TASK STATEMENT >>
Would you retype the listing below word for word, without any of its pictures?

SUPPLIED INFORMATION >>
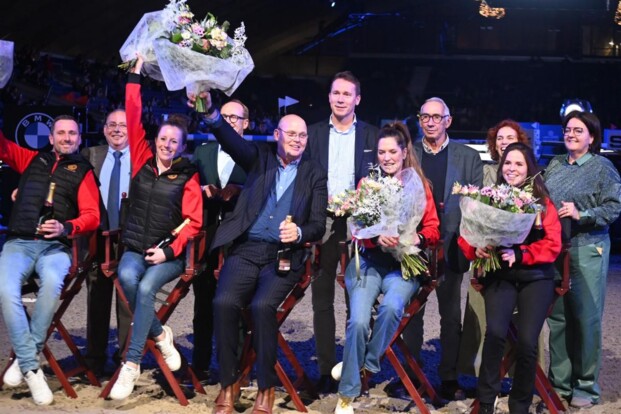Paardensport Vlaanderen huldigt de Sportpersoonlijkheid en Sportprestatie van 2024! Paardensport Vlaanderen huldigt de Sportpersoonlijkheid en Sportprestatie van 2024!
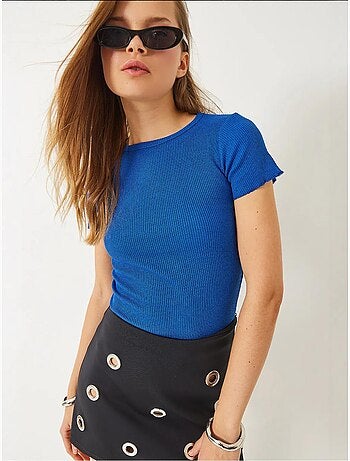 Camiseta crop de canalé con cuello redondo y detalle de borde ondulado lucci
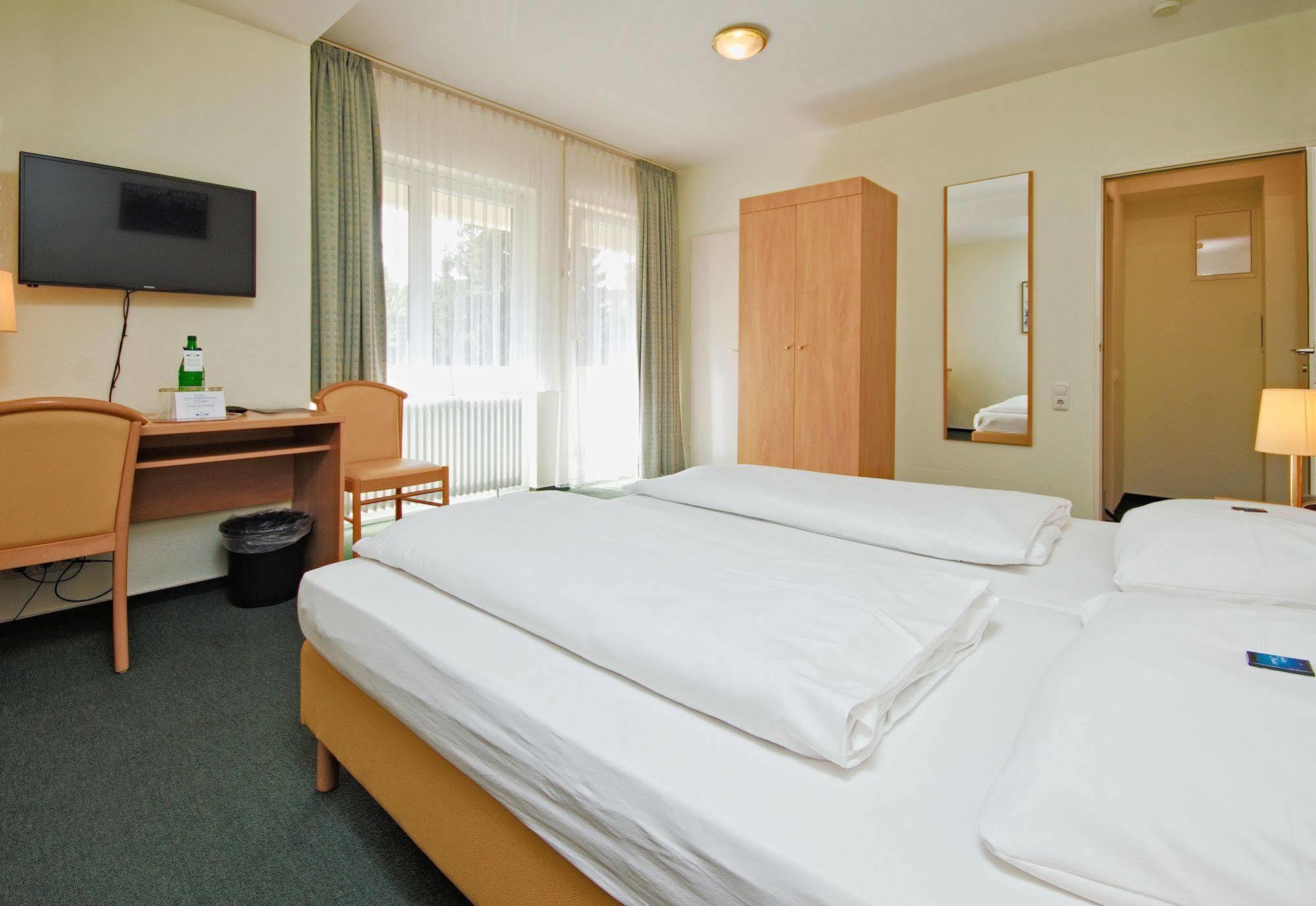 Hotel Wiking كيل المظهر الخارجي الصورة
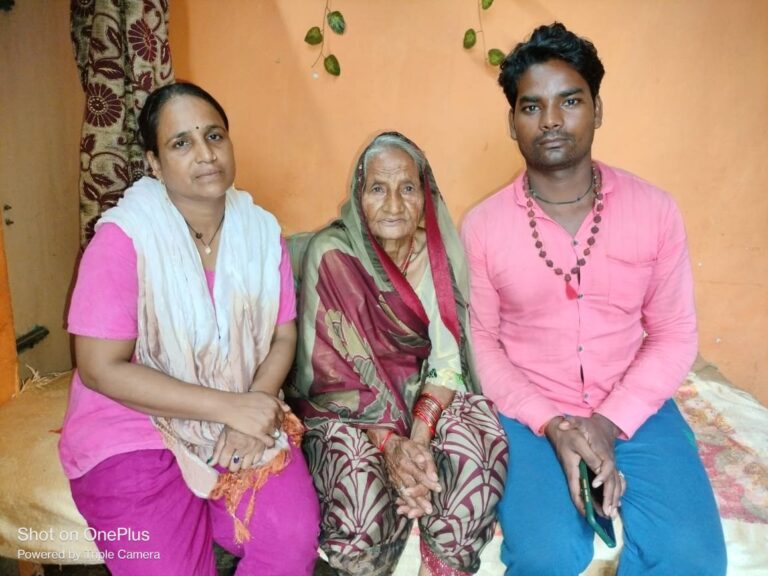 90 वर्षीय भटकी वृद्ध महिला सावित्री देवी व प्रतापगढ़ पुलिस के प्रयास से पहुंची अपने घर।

ANSWER FOR THIS EXERCISE >>
Paardensport Vlaanderen huldigt de Sportpersoonlijkheid en Sportprestatie van 2024! Paardensport Vlaanderen huldigt de Sportpersoonlijkheid en Sportprestatie van 2024!
 Camiseta crop de canalé con cuello redondo y detalle de borde ondulado lucci
 Hotel Wiking كيل المظهر الخارجي الصورة
 90 वर्षीय भटकी वृद्ध महिला सावित्री देवी व प्रतापगढ़ पुलिस के प्रयास से पहुंची अपने घर।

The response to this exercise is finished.